### What you will do
Return each entry word for word, without its pictures.
--- Source material ---
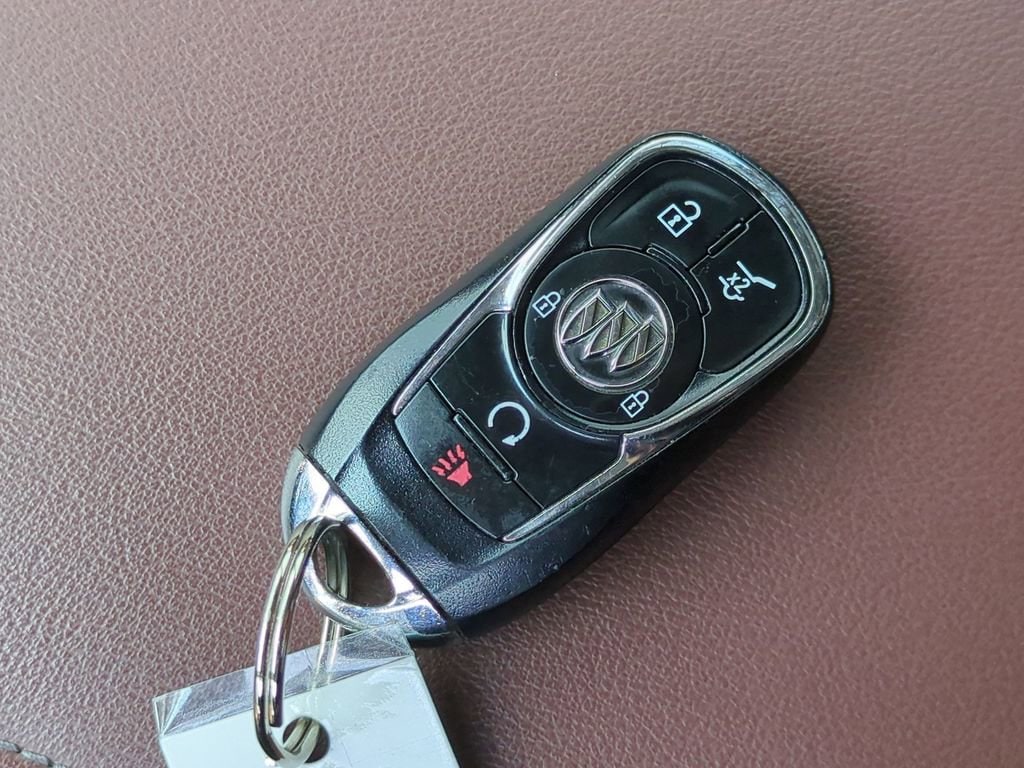 Thumbnail: 2018 Buick Enclave - 37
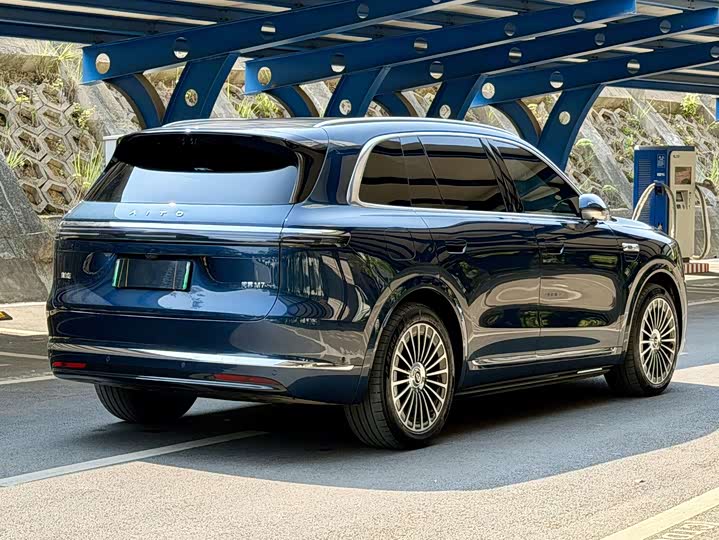 Фото 7 - Aito M7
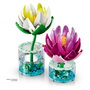 LEGO Botanicals Nenúfares 11511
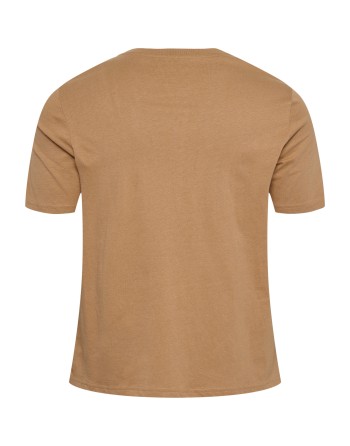 hmlLEGACY WO REGULAR T-SHIRT PLUS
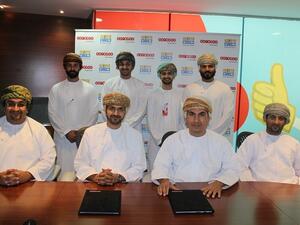 The first of its kind agreement will aim to enrich Ooredoo’s cyber security solutions offered to the B2B market in the Sultanate.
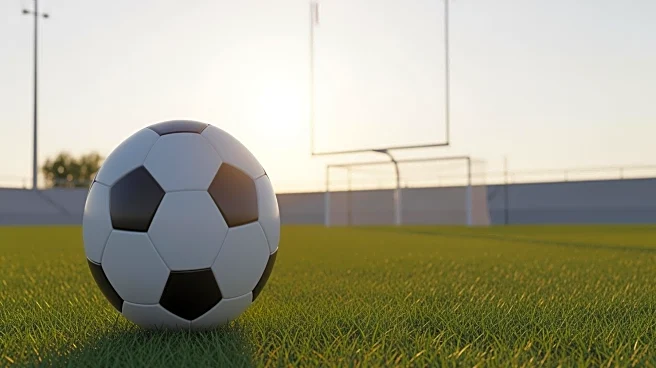 Post-Tribune Announces 2025 Boys Soccer All-Area Team Highlighting Top High School Athletes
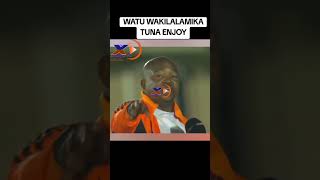 ahmedally msemaji wa Simba akijinadi juu ya ushindi walioupata😂 [upl. by Oliva656]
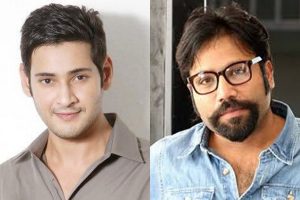 మహేష్ తో అర్జున్ రెడ్డినా? అబ్బే?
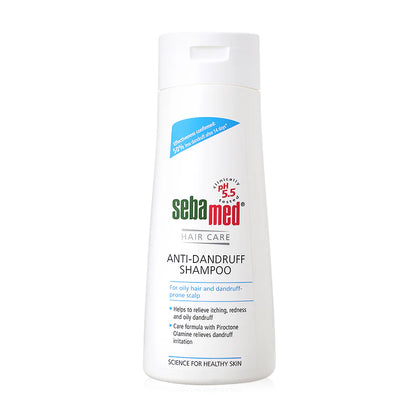 SEBAMED Anti-Dandruff Shampoo 200ml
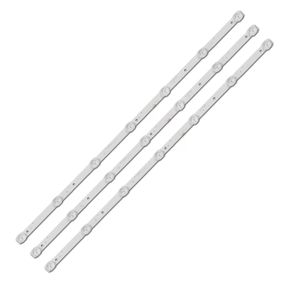 LED підсвітка TV 39" MS-L2025 V2 JL.D38571330-158AS-M CC02385D671V07 CC02385D671V03 CC02385D671V10 3шт.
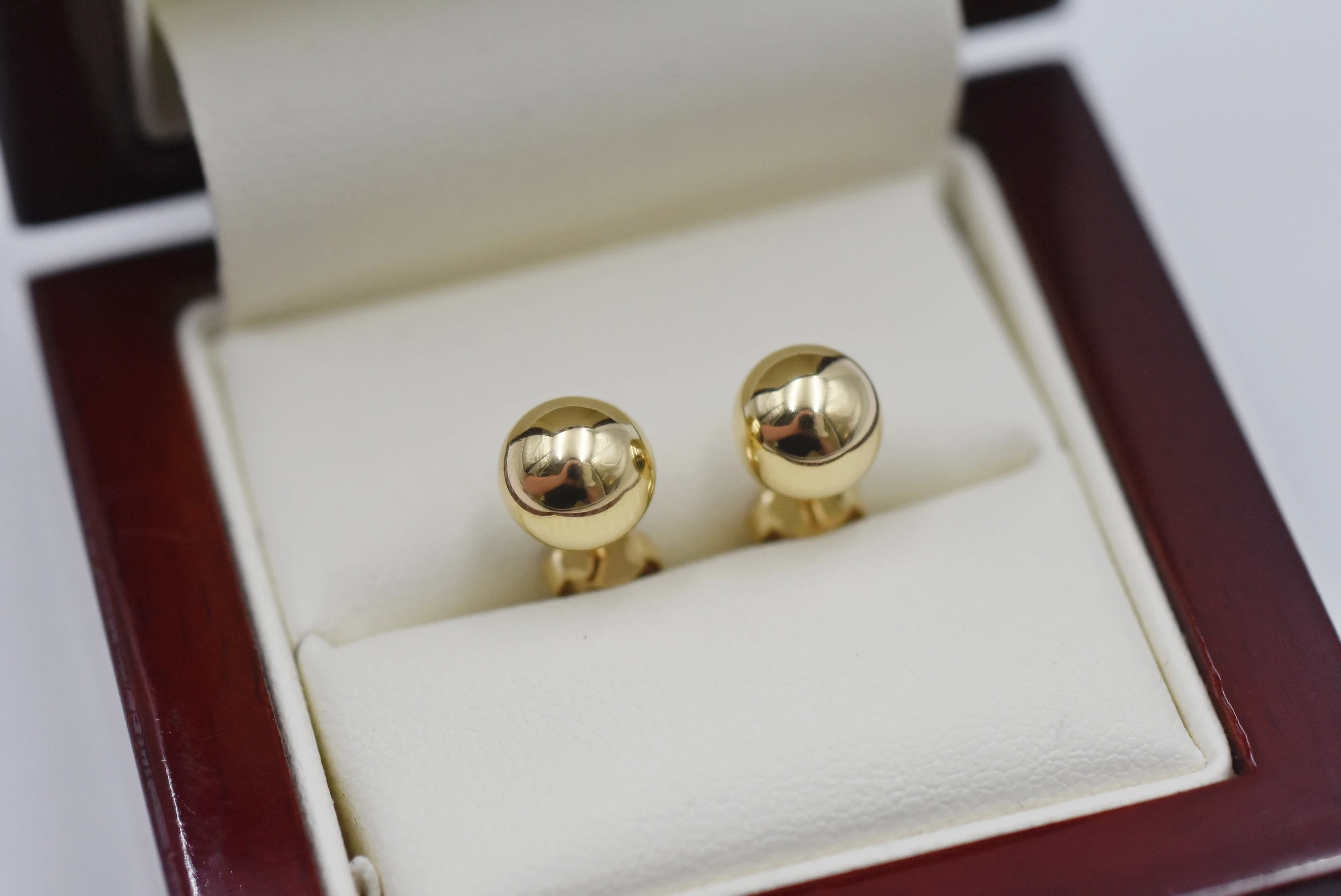 zlote-kolczyki-kulki-585-190g-2cm-rodzaj-zapiecia-2207-1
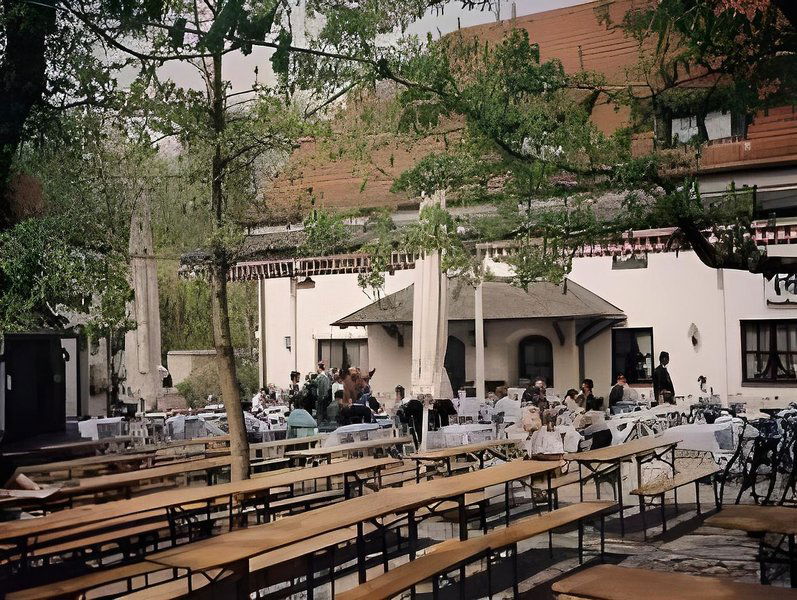 Hotel Hotel-Gasthof Zur Mühle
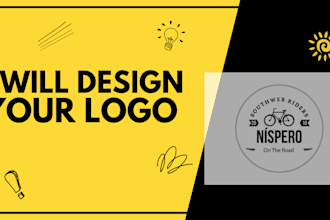 design a super logo for you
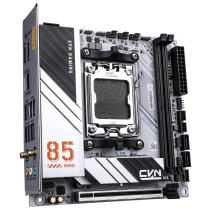 COLORFUL CVN B850I GAMING FROZEN V14 DDR5 8000MHz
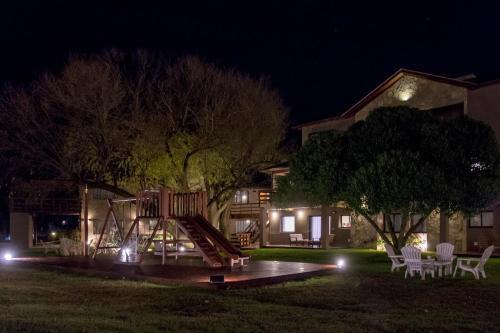 Ville Saint Germain Apart Hotel & Spa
---
### Finished task
 Thumbnail: 2018 Buick Enclave - 37
 Фото 7 - Aito M7
 LEGO Botanicals Nenúfares 11511
 hmlLEGACY WO REGULAR T-SHIRT PLUS
 The first of its kind agreement will aim to enrich Ooredoo’s cyber security solutions offered to the B2B market in the Sultanate.
 Post-Tribune Announces 2025 Boys Soccer All-Area Team Highlighting Top High School Athletes
 ahmedally msemaji wa Simba akijinadi juu ya ushindi walioupata😂 [upl. by Oliva656]
 మహేష్ తో అర్జున్ రెడ్డినా? అబ్బే?
 SEBAMED Anti-Dandruff Shampoo 200ml
 LED підсвітка TV 39" MS-L2025 V2 JL.D38571330-158AS-M CC02385D671V07 CC02385D671V03 CC02385D671V10 3шт.
 zlote-kolczyki-kulki-585-190g-2cm-rodzaj-zapiecia-2207-1
 Hotel Hotel-Gasthof Zur Mühle
 design a super logo for you
 COLORFUL CVN B850I GAMING FROZEN V14 DDR5 8000MHz
 Ville Saint Germain Apart Hotel & Spa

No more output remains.